━━━ Supplied data ━━━

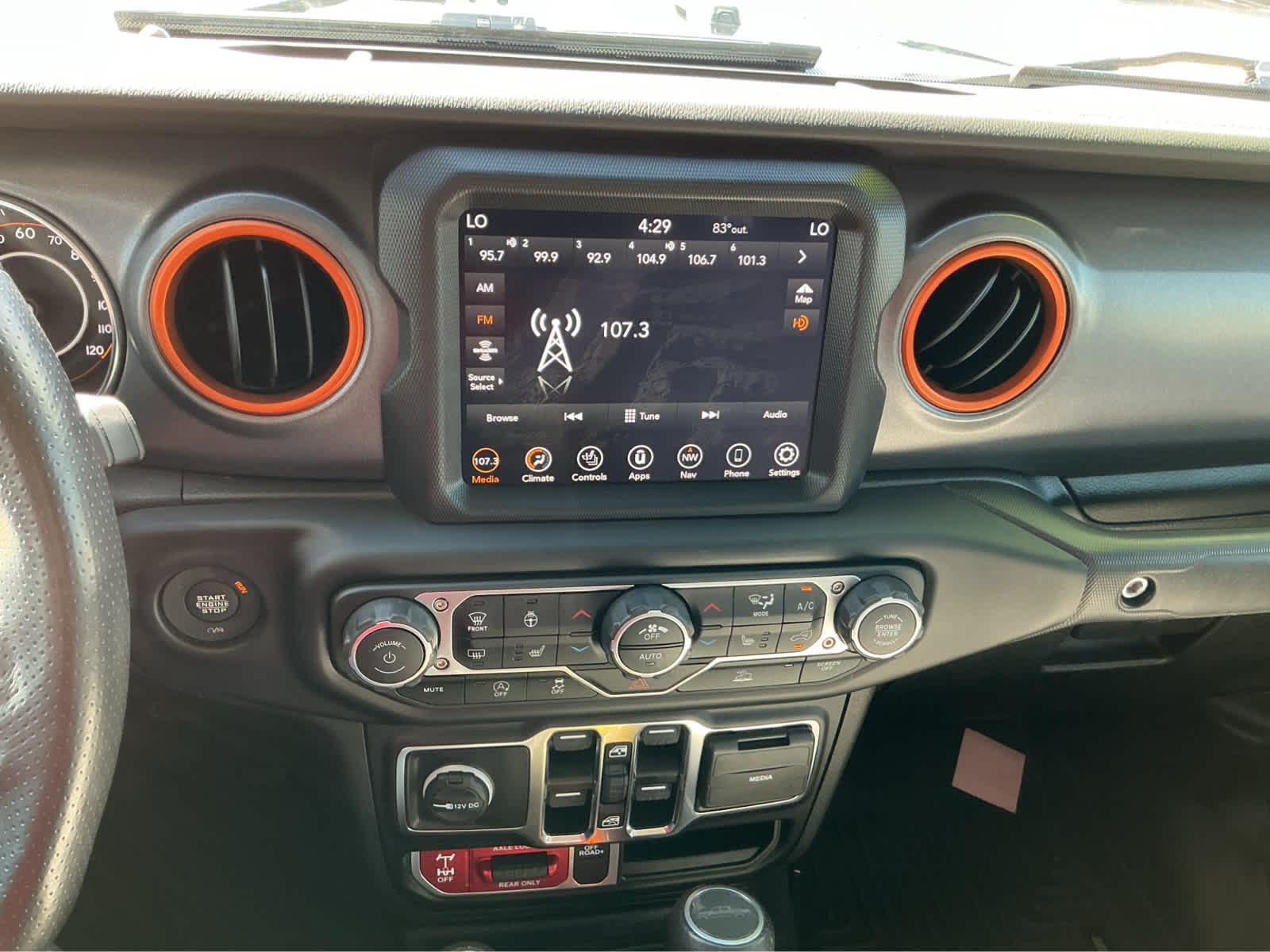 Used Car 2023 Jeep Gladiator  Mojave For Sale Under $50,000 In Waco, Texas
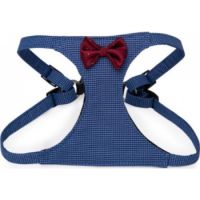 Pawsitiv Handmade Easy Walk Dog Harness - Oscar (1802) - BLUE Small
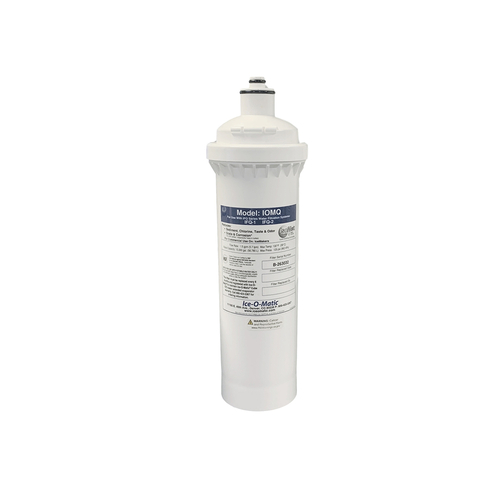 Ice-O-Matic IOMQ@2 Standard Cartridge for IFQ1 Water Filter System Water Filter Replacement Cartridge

━━━
━━━ Supplied data ━━━

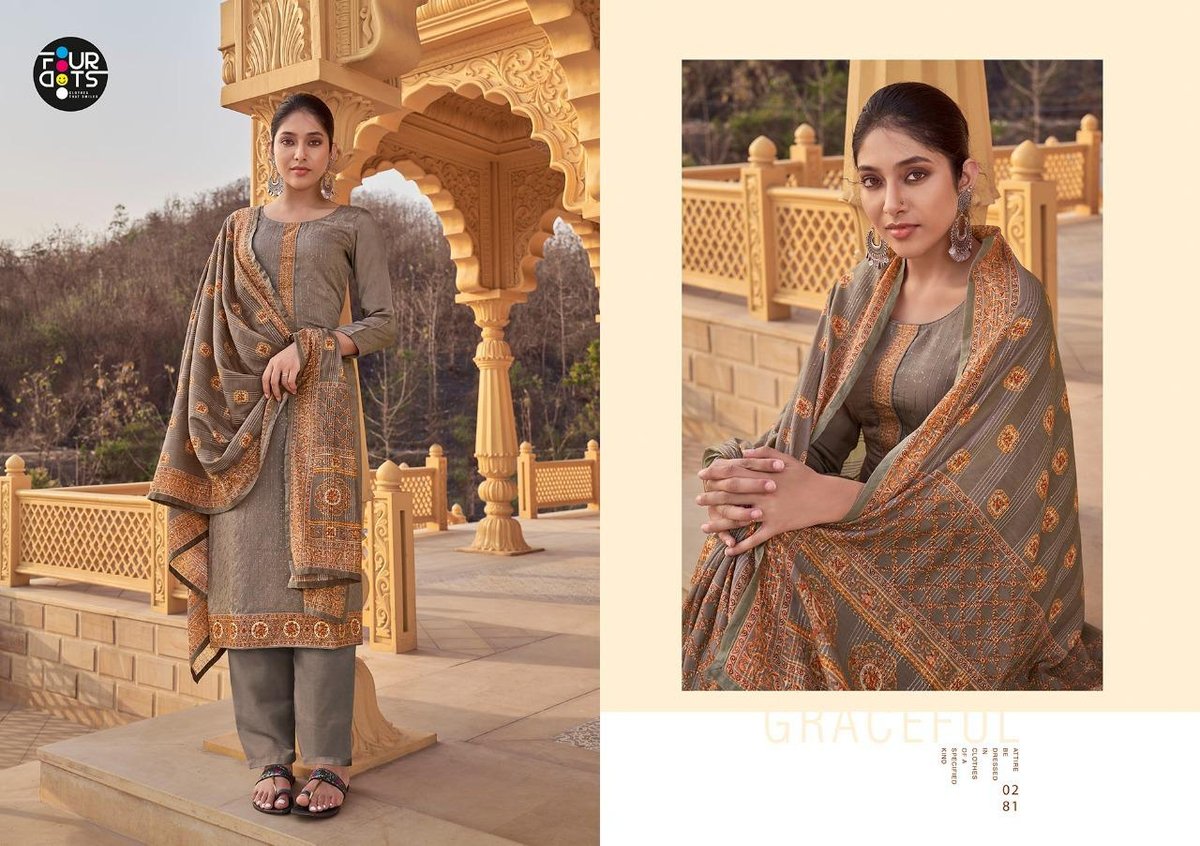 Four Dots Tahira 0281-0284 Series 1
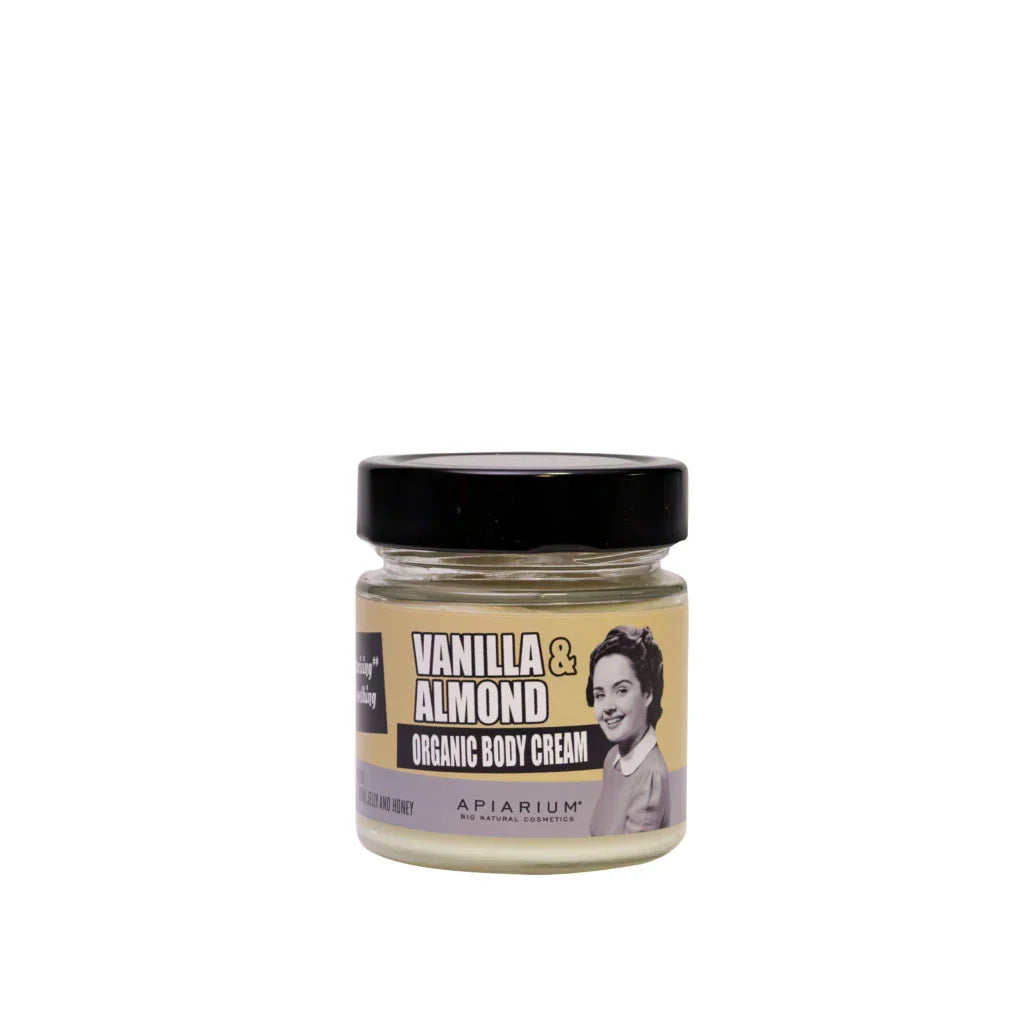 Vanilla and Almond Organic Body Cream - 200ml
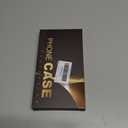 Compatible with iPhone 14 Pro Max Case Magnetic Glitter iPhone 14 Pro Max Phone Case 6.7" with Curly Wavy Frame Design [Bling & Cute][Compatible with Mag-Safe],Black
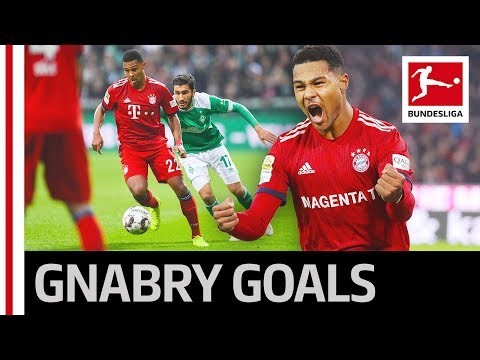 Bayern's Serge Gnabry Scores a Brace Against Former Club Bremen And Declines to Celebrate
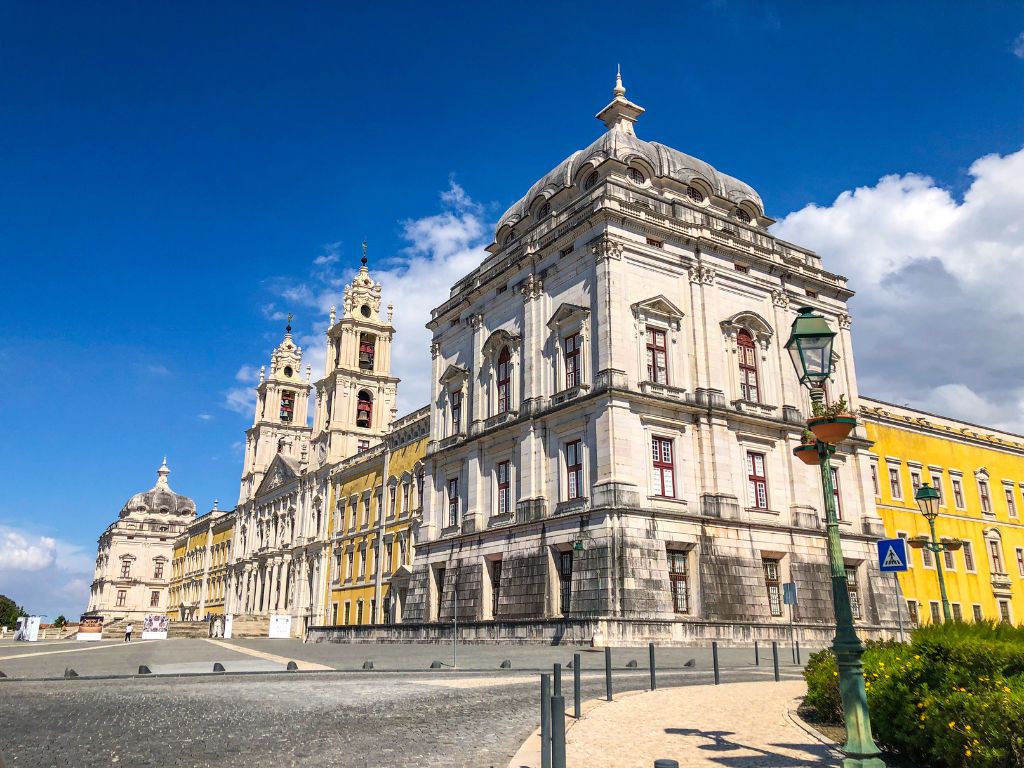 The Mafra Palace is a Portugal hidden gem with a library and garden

━━━

**Problem statement**: The result should be an exact copy of only the lines above from the one that holds "Used Car 2023" through the one that holds "Ice-O-Matic IOMQ@2 Standard", both ends included, without pictures.

**Result**:
 Used Car 2023 Jeep Gladiator  Mojave For Sale Under $50,000 In Waco, Texas
 Pawsitiv Handmade Easy Walk Dog Harness - Oscar (1802) - BLUE Small
 Ice-O-Matic IOMQ@2 Standard Cartridge for IFQ1 Water Filter System Water Filter Replacement Cartridge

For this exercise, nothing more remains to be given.